▶ [To do]: All of the data below should be returned exactly.

[Extracted data entries]
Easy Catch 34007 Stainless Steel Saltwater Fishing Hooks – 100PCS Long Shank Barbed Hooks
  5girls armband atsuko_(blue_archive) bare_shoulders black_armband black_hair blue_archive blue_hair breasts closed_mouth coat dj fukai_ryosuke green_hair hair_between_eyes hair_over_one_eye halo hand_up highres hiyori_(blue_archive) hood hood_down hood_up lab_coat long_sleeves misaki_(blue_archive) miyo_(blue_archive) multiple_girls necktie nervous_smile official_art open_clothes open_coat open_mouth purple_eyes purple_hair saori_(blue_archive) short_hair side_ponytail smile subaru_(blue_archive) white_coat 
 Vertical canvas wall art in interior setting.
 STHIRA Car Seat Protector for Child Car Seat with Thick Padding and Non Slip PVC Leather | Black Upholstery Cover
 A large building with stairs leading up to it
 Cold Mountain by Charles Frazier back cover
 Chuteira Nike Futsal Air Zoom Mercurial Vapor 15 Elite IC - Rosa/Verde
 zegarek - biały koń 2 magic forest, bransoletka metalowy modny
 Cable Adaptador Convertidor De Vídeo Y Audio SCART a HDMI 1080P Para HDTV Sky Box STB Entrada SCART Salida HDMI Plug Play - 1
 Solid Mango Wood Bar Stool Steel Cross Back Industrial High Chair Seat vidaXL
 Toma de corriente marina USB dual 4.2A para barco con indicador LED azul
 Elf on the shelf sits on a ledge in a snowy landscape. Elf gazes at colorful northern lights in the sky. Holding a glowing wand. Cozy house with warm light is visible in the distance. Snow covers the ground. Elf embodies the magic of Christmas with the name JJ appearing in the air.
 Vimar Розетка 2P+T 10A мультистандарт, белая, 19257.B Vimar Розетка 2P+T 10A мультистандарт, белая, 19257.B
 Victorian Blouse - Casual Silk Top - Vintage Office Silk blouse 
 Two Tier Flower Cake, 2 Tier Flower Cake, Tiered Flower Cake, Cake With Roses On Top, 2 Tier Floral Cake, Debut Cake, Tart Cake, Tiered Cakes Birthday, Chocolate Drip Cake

▶ [Task output]:
Easy Catch 34007 Stainless Steel Saltwater Fishing Hooks – 100PCS Long Shank Barbed Hooks
  5girls armband atsuko_(blue_archive) bare_shoulders black_armband black_hair blue_archive blue_hair breasts closed_mouth coat dj fukai_ryosuke green_hair hair_between_eyes hair_over_one_eye halo hand_up highres hiyori_(blue_archive) hood hood_down hood_up lab_coat long_sleeves misaki_(blue_archive) miyo_(blue_archive) multiple_girls necktie nervous_smile official_art open_clothes open_coat open_mouth purple_eyes purple_hair saori_(blue_archive) short_hair side_ponytail smile subaru_(blue_archive) white_coat 
 Vertical canvas wall art in interior setting.
 STHIRA Car Seat Protector for Child Car Seat with Thick Padding and Non Slip PVC Leather | Black Upholstery Cover
 A large building with stairs leading up to it
 Cold Mountain by Charles Frazier back cover
 Chuteira Nike Futsal Air Zoom Mercurial Vapor 15 Elite IC - Rosa/Verde
 zegarek - biały koń 2 magic forest, bransoletka metalowy modny
 Cable Adaptador Convertidor De Vídeo Y Audio SCART a HDMI 1080P Para HDTV Sky Box STB Entrada SCART Salida HDMI Plug Play - 1
 Solid Mango Wood Bar Stool Steel Cross Back Industrial High Chair Seat vidaXL
 Toma de corriente marina USB dual 4.2A para barco con indicador LED azul
 Elf on the shelf sits on a ledge in a snowy landscape. Elf gazes at colorful northern lights in the sky. Holding a glowing wand. Cozy house with warm light is visible in the distance. Snow covers the ground. Elf embodies the magic of Christmas with the name JJ appearing in the air.
 Vimar Розетка 2P+T 10A мультистандарт, белая, 19257.B Vimar Розетка 2P+T 10A мультистандарт, белая, 19257.B
 Victorian Blouse - Casual Silk Top - Vintage Office Silk blouse 
 Two Tier Flower Cake, 2 Tier Flower Cake, Tiered Flower Cake, Cake With Roses On Top, 2 Tier Floral Cake, Debut Cake, Tart Cake, Tiered Cakes Birthday, Chocolate Drip Cake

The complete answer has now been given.